A red and brown compass depicts cardinal directions with four large points and cursive letters: "W", "N", "E", and "S". Between each letter there are three smaller brown points. The compass has a dark brown circle in its center, with light brown, cream, and red rings.

==Historical information==
Construction of Here I Grew Up and the Rubin sculpture of Lincoln was postponed for at least a year after the art competition by the Indiana State Office Building Commission. The mosaic alone cost $35,280 in 1962, leading some members of the commission, such as chairman Indiana Lieutenant Governor Crawford F. Parker, to oppose funding the art in order to allocate taxpayer money to social welfare projects. In 1961, one of the jury members who helped select the winning entries for the competition wrote to then Governor of Indiana, Matthew E. Welsh, on behalf of the mosaic and the statue of Lincoln:

We of the jury, and may others concerned, served without compensation even for our expenses because we, as thinking citizens of this state, feel that beautiful buildings demand the decorations indicated. The mural mosaic and the Lincoln statue which we selected would be a credit to any building and any state, and I feel that cutting cultural corners like this does much to throttle art in Indiana.
— A. Reid Winsey, Letter to Governor Welsh, May 1, 1961

===Location history===
After the mosaic was completed in the lobby of the State Office building, located west of the Indiana Statehouse, worker offices shared the space and fabric banners were mounted to reduce noise.
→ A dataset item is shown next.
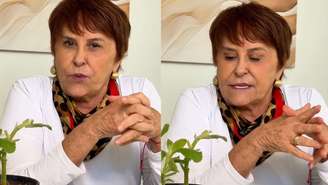 Associado a Oxalá, o ritual indicado por Marcia Sensitiva leva apenas dois ingredientes e deve ser realizado em um dia específico da semana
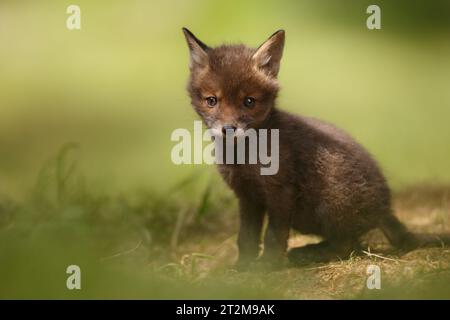 Cucciolo di volpe giovane Foto Stock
With the office infrastructure and banners in place, only portions of the mosaic were visible. Plans were made in the late 1980s to demolish the lobby that housed the mosaic to make way for office expansion. The director of the Indiana State Office Building Commission, John C. Fleck, estimated that the removal and re-installation of the mural would cost $155,000. However, the building remains and is now called Indiana Government Center North. The $220 million office complex expansion resulted in the construction of a new office building, Indiana Government Center South; renovation of Indiana Government Center North, and two parking garages.

==Artist==
Garo Z. Antreasian (1922 - 2018) was a native of Indianapolis, Indiana. His career began as an artist in World War II, where he was an artist-correspondent with the United States Coast Guard. Antreasian returned to Indianapolis in 1946, and graduated from the Herron School of Art in 1948. Beginning in the 1950s he was a faculty member at the Herron School of Art and he relocated to the University of New Mexico in 1970. He also was the technical director of the first modern lithography print shop, Tamarind Lithography Workshop, in Los Angeles, California.

Before designing Here I Grew Up, Antreasian completed several projects around the city of Indianapolis and the state of Indiana that depicted Indiana history and landmarks. In 1956, he was commissioned by Indiana University to design a mural about the history of the school since its founding in 1820.